• Conjuntura
  • Pecuaristas que usam proteção de preço melhoram sua renda

    10/12/2014
    Gestores com mais escolaridade controlam custos mais eficientemente.

    Estudo, realizado através do Programa de Pós-Graduação em Administração de Organizações da Faculdade de Economia, Administração e Contabilidade de Ribeirão Preto (FEARP) da USP, identificou as características dos pecuaristas que praticam confinamento, utilizando instrumentos de proteção de preço (hedge). Os pesquisadores observaram que confinamentos de maior porte são praticados por gestores com maior nível de escolaridade. Eles controlam custos mais eficientemente e possuem experiência no uso de hedge; o que os tornam mais propensos a utilizar ferramentas de proteção de preço.

    Na pecuária, a prática de estabelecer um preço futuro é feita por meio de contratos negociados em Bolsa (mercado de opções ou contratos futuros) ou através de contratos negociados diretamente com os frigoríficos (contratos a termo).

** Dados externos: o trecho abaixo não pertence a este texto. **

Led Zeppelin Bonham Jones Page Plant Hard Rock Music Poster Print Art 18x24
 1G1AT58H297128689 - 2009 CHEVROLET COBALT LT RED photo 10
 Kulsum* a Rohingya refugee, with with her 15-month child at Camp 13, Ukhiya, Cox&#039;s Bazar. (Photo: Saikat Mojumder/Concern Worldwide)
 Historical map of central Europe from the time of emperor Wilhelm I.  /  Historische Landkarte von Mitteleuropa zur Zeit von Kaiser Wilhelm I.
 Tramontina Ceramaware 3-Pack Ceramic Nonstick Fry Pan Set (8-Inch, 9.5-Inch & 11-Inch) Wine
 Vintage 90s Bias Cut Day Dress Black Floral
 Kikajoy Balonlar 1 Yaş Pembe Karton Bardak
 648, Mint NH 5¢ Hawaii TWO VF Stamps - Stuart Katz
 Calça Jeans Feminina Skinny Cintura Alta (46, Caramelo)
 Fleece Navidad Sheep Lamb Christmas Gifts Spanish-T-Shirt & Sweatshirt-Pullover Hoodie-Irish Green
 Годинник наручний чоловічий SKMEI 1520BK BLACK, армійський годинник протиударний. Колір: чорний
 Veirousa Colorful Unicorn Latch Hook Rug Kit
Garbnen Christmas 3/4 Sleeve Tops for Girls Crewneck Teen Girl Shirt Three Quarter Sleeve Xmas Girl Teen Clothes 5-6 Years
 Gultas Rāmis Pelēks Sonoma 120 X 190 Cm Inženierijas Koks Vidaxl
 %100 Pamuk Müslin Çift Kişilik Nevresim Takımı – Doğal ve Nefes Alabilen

Quando o gado entra em confinamento, etapa que dura em média 90 dias, o produtor já define uma data de venda do boi gordo e garante o valor de remuneração, é o chamado hedge.

    “Conhecer melhor esse pecuarista pode ajudar o governo a criar políticas que incentivem o uso do hedge e também ajudar empresas a desenvolverem produtos e abordagens que possam aumentar sua taxa de uso”, afirma o autor da pesquisa, Hyberville D’Athayde Neto. O estudo relata, por exemplo, que em 2013 apenas 8% dos confinadores do estado de Mato Grosso utilizaram hedge na comercialização de sua produção.

    Minimizar riscos

    Segundo o pesquisador, o hedge é uma forma de minimizar o risco do negócio, proporcionando renda ao pecuarista. “Resultados financeiros melhores ajudam a reduzir a migração da pecuária para a agricultura. Hoje, a pecuária tem perdido área, seja pela migração do produtor para a agricultura, seja pela venda de áreas de pastagens”, explica.

    De acordo com os resultados obtidos com a pesquisa Fatores determinantes da utilização de ferramentas de gestão de risco de preços do boi gordo para confinadores, orientada pelo professor Evandro Marcos Saidel Ribeiro, contar com um gestor pós-graduado é uma característica relacionada ao uso de proteção de preços. Da mesma forma, a empresa rural que realiza um bom controle de custos também tende a utilizar mais o hedge.

    “A partir do momento que o pecuarista sabe exatamente qual o seu custo ele passa a utilizar o hedge justamente para cobrir este custo e adicionar a rentabilidade desejada”, explica Neto. A prática do confinamento exclusivo, no qual o pecuarista não possui o pasto e compra no mercado 100% do rebanho que irá confinar, também é uma característica comum em produtores que utilizam ferramentas de hedge.

    Confinamentos com maior quantidade de cabeças de gado também tendem a utilizar mais a proteção de preço do que os produtores de menor porte. Da mesma forma, a experiência prévia com hedge, tanto no próprio mercado do boi gordo quanto no mercado de grãos, também é uma das características dos confinadores que protegem o preço de sua produção. Produtores que mantêm parcerias de fornecimento junto a frigoríficos também costumam utilizar mais o hedge do que aqueles que não possuem esse tipo de contratos de fornecimento.

    Por outro lado, participação em entidades de classe como sindicatos e associações não foram relevantes para o uso do hedge, assim como a utilização de consultorias (técnica ou de marcado) ou mesmo a idade dos pecuaristas. “Na literatura atual encontramos artigos que afirmavam serem os jovens os mais propensos a utilizar o hedge. Porém, não comprovamos isso na pesquisa. Esta variável não teve relação com esta decisão”, finaliza o pesquisador.

    Outros fatores que, segundo a pesquisa, não parecem influenciar na opção por ferramentas de proteção de preço são possuir renda em outras atividades e utilizar o confinamento de forma mais intensiva, por exemplo, produzindo mais de uma rodada de boiadas por ano.